> **PROMPT**:
All of the records below are to be output exactly; no image belongs in the result.

> **INFORMATION SUPPLIED**:
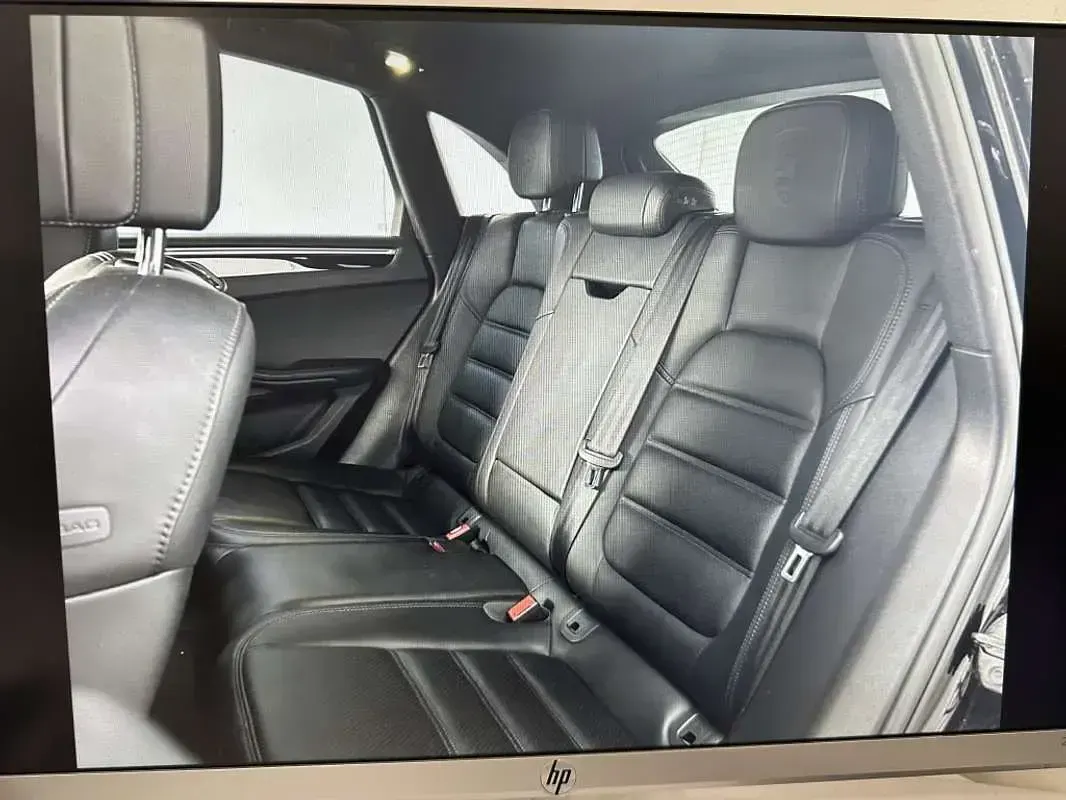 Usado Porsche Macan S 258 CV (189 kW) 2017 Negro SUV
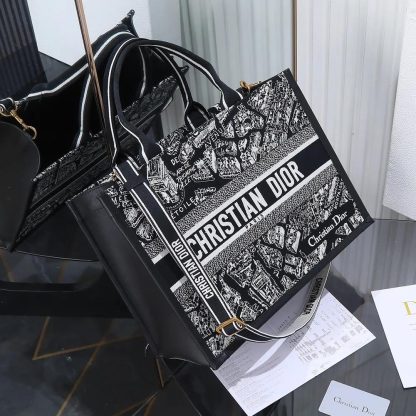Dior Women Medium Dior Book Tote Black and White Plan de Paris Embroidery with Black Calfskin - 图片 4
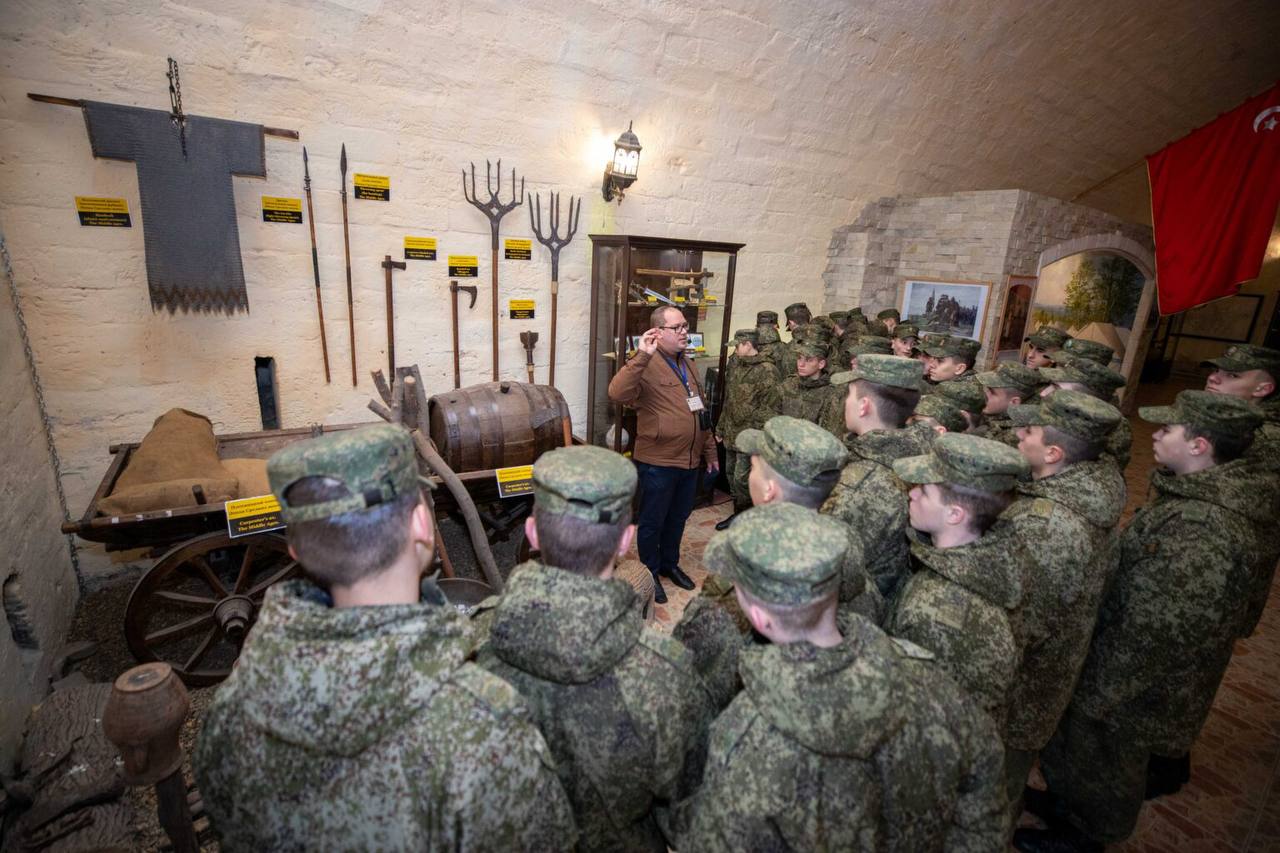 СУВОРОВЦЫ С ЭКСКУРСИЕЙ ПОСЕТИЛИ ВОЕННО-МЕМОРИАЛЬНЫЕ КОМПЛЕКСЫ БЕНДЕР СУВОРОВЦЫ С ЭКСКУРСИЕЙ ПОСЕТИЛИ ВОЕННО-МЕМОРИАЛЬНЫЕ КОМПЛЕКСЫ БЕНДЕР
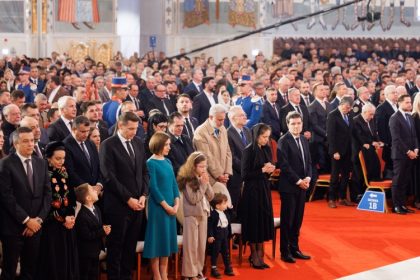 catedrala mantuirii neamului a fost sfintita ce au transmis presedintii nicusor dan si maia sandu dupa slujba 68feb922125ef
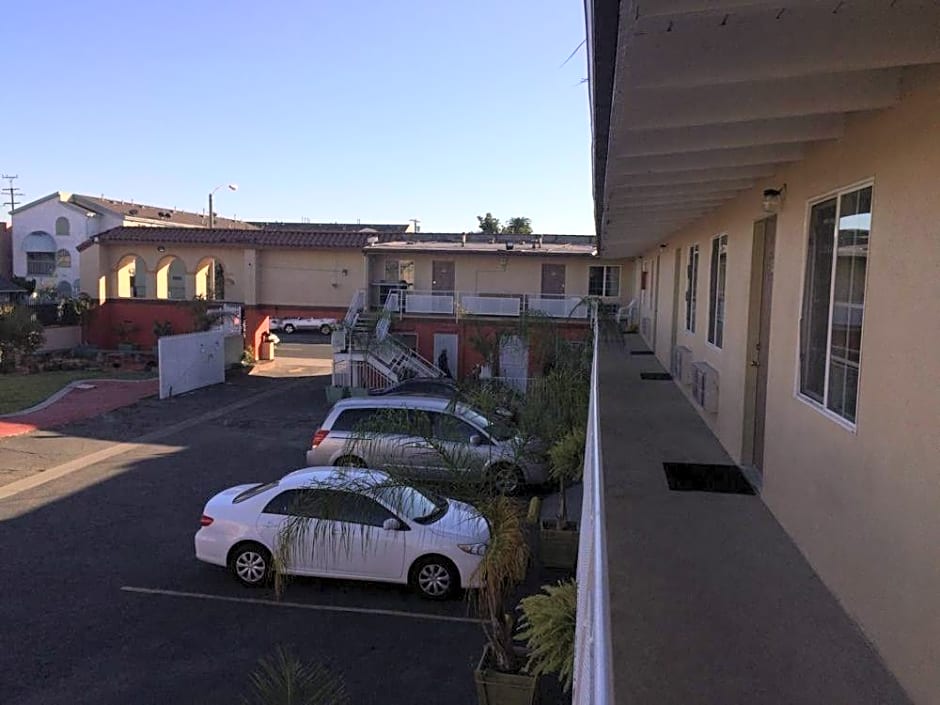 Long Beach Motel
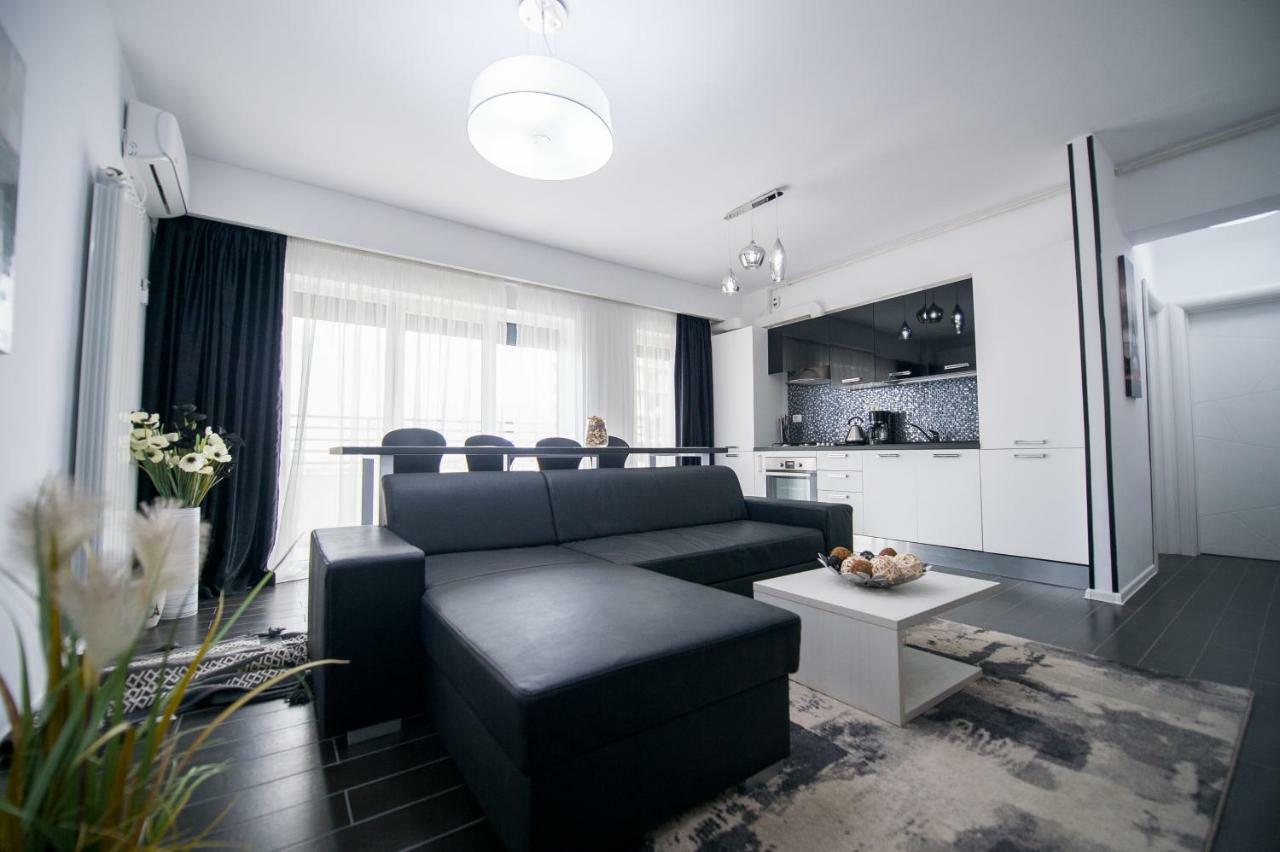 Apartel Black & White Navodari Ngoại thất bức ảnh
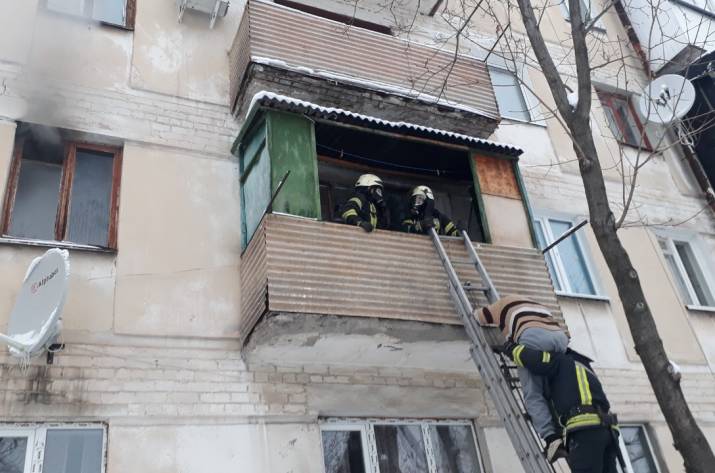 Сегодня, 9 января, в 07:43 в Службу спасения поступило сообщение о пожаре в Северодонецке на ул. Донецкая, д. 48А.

> **ANSWER FOR THE TASK**:
 Usado Porsche Macan S 258 CV (189 kW) 2017 Negro SUV
Dior Women Medium Dior Book Tote Black and White Plan de Paris Embroidery with Black Calfskin - 图片 4
 СУВОРОВЦЫ С ЭКСКУРСИЕЙ ПОСЕТИЛИ ВОЕННО-МЕМОРИАЛЬНЫЕ КОМПЛЕКСЫ БЕНДЕР СУВОРОВЦЫ С ЭКСКУРСИЕЙ ПОСЕТИЛИ ВОЕННО-МЕМОРИАЛЬНЫЕ КОМПЛЕКСЫ БЕНДЕР
 catedrala mantuirii neamului a fost sfintita ce au transmis presedintii nicusor dan si maia sandu dupa slujba 68feb922125ef
 Long Beach Motel
 Apartel Black & White Navodari Ngoại thất bức ảnh
 Сегодня, 9 января, в 07:43 в Службу спасения поступило сообщение о пожаре в Северодонецке на ул. Донецкая, д. 48А.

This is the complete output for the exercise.